> [TASK MATERIAL]:
::::::::::

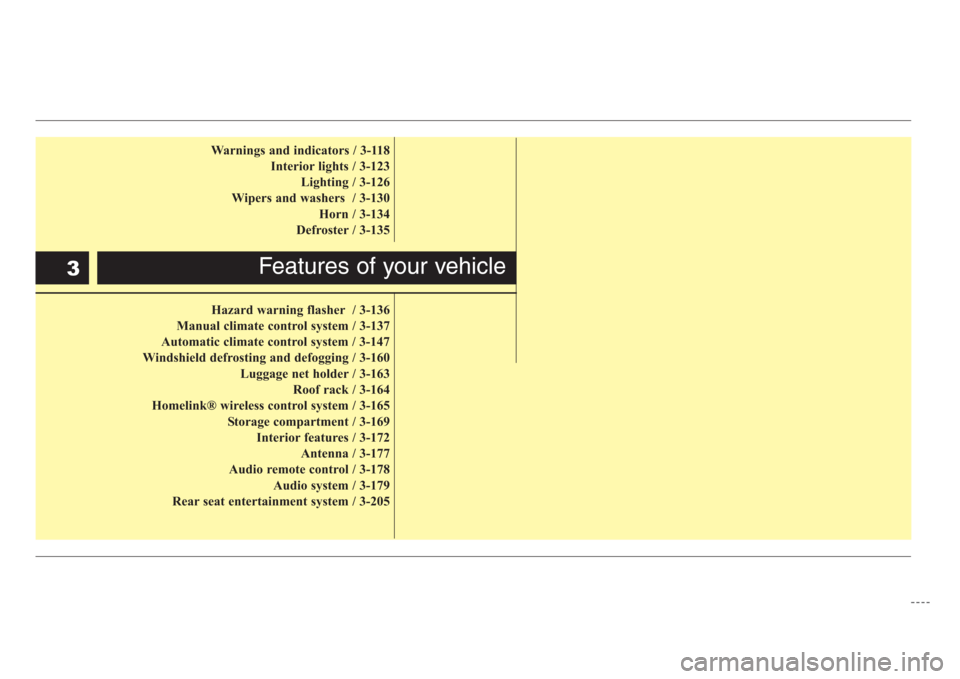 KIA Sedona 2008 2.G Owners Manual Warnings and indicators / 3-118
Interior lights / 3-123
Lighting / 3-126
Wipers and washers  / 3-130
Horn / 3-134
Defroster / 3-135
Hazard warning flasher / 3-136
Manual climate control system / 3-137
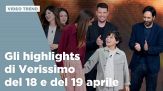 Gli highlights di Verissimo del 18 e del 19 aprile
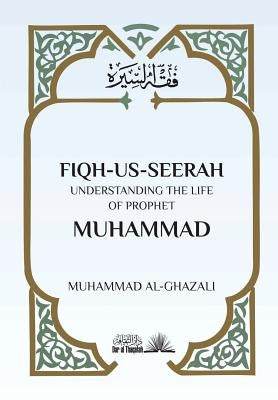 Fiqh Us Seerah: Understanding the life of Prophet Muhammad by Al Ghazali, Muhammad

::::::::::

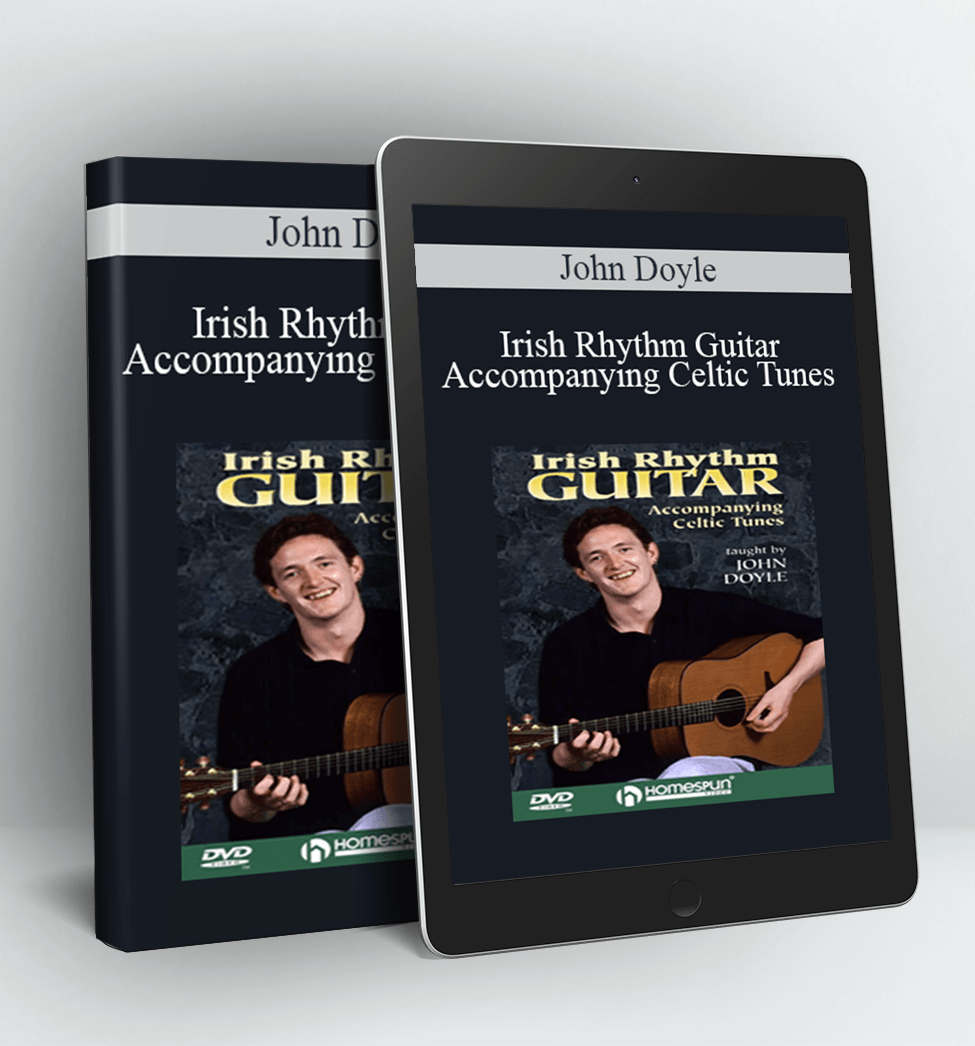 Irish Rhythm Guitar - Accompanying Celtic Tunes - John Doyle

::::::::::

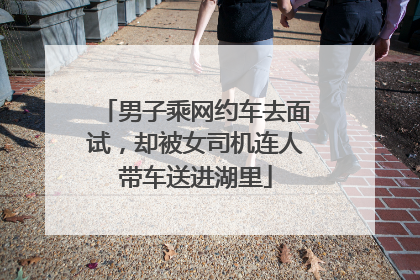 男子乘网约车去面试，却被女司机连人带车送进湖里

::::::::::

> [EXERCISE]: What you write out is the stretch of entries from the line containing "KIA Sedona 2008" to the line containing "Fiqh Us Seerah: Understanding", word for word, with both end lines and no pictures.

> [ANSWER FOR THIS EXERCISE]:
 KIA Sedona 2008 2.G Owners Manual Warnings and indicators / 3-118
Interior lights / 3-123
Lighting / 3-126
Wipers and washers  / 3-130
Horn / 3-134
Defroster / 3-135
Hazard warning flasher / 3-136
Manual climate control system / 3-137
 Gli highlights di Verissimo del 18 e del 19 aprile
 Fiqh Us Seerah: Understanding the life of Prophet Muhammad by Al Ghazali, Muhammad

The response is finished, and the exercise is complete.